New Delhi: The University of Cambridge has decided to call off a record deal worth 400 million pounds with the United Arab Emirates because of the country’s alleged use of Pegasus spyware, The Guardian has reported. If the deal had gone through, the report says, it would have been the largest donation in the varsity’s history.
In July, Cambridge had touted the proposed alliance as a “potential strategic partnership … helping to solve some of the greatest challenges facing our planet”.
Now, however, the university’s outgoing vice-chancellor Stephen Toope has said that all talks with the UAE are suspended because of the Pegasus revelations.
In July this year, a global consortium of media organisations including The Wire released the Pegasus Project, an investigation into a leaked database of potential targets of the spyware created and sold by the Israeli company, NSO Group. The NSO Group has said repeatedly that it only sells this highly invasive spyware, which can take control of a mobile phone, to “vetted governments”.
The UAE is believed to be responsible for potentially targeting several of UK numbers found on the database. “The phones of Sheikh Mohammed’s daughter Princess Latifa and his ex-wife Princess Haya, who fled the country and came to the UK in 2019, both appeared in the data,” Guardian reported.
“There were further revelations about Pegasus that really caused us to decide that it’s not the right time to be pursuing these kinds of really ambitious plans with the UAE,” Toope reportedly told a student newspaper at Cambridge.
He also clarified that the university wasn’t likely to take this money soon, “No one’s going to be rushing into this.
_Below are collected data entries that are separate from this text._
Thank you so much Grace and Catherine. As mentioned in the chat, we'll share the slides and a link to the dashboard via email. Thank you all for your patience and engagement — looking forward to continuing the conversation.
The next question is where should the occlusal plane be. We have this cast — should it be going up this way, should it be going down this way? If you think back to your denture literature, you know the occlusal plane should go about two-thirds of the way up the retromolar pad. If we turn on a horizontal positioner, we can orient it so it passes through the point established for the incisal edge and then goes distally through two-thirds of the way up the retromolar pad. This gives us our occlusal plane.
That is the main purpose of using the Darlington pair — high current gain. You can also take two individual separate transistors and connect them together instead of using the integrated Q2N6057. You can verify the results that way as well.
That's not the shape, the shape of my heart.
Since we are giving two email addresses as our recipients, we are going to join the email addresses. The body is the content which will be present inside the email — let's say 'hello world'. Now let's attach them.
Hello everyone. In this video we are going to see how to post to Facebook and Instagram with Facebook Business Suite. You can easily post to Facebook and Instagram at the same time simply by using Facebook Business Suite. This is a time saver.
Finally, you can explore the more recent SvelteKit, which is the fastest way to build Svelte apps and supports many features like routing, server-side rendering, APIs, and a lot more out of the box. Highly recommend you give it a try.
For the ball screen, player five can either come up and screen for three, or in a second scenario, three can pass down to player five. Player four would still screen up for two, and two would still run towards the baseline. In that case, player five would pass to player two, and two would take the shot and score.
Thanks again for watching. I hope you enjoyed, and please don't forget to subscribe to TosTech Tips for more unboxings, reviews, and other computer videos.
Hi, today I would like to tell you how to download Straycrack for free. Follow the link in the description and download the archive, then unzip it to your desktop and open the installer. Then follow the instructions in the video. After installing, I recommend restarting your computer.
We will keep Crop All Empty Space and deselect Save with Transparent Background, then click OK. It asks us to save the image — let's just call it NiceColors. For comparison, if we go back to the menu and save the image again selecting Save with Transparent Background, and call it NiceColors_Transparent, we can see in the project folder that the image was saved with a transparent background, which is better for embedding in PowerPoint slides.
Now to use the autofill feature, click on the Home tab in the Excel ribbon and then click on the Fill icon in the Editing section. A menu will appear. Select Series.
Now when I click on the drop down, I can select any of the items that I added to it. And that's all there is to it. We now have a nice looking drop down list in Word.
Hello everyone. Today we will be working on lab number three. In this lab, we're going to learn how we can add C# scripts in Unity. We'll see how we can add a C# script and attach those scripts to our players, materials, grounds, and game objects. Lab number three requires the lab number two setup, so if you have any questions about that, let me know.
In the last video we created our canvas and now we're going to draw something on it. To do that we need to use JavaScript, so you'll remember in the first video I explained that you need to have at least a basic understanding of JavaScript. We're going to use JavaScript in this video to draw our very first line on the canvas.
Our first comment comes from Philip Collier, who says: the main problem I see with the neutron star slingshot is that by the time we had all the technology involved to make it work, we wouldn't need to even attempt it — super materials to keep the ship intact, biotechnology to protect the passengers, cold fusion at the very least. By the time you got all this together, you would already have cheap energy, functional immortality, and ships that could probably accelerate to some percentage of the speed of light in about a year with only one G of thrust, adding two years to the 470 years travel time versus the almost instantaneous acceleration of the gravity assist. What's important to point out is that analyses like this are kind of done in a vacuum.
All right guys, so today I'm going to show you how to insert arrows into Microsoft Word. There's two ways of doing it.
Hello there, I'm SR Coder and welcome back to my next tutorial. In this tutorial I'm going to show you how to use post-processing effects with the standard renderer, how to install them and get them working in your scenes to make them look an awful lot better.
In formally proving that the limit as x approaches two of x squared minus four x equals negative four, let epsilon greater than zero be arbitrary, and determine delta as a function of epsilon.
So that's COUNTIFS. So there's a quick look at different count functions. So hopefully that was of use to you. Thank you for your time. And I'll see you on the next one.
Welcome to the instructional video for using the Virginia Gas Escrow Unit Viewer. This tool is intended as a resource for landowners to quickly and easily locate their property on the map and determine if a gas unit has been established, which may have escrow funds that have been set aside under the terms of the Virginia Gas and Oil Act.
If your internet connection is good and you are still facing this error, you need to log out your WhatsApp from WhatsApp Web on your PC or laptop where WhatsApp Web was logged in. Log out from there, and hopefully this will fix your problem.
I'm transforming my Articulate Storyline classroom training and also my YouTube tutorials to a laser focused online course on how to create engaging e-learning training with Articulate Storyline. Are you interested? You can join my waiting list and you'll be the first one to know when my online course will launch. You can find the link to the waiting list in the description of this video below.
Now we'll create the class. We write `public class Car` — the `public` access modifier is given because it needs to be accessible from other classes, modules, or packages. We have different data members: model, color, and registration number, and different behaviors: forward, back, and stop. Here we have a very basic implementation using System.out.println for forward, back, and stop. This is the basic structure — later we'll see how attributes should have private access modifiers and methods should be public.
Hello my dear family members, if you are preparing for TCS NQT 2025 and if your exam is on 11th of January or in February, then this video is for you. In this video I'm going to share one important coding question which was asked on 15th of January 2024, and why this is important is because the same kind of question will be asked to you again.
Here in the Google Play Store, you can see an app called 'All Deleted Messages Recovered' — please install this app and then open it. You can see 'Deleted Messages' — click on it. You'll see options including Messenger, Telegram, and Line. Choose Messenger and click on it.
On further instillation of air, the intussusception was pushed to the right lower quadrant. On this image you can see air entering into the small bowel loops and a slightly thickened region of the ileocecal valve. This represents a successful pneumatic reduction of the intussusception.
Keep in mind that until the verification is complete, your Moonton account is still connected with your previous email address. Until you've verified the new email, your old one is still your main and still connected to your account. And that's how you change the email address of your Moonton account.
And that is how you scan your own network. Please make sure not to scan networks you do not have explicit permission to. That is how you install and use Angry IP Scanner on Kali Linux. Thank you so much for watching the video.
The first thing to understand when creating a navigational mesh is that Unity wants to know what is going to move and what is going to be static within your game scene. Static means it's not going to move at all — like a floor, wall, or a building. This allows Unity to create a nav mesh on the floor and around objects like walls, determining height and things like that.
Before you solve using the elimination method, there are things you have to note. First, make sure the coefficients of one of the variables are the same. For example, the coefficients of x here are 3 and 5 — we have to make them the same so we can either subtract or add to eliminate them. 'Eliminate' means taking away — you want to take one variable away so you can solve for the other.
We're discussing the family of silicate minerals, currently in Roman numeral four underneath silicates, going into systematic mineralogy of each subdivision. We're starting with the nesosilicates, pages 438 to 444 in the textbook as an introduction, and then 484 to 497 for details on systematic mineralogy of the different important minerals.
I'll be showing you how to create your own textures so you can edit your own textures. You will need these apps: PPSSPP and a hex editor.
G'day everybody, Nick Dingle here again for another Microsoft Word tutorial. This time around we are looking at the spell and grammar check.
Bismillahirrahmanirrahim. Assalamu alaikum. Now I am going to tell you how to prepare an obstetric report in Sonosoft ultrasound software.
There will be no secret arrangements being made. I think we’re going to have to have a robust discussion at some point in the future. Or we may determine that it’s not worth raising again. I honestly don’t know.”
According to Toope, he had never met the ruling crown prince. “There are existing relationships across the university on a departmental and individual academic level but there are no conversations about a big project,” he said. “We’re aware of the risks in dealing with many states around the world but we think it’s worth having the conversation.”
The Pegasus Project revelations were made public very soon after the Cambridge-UAE deal became public.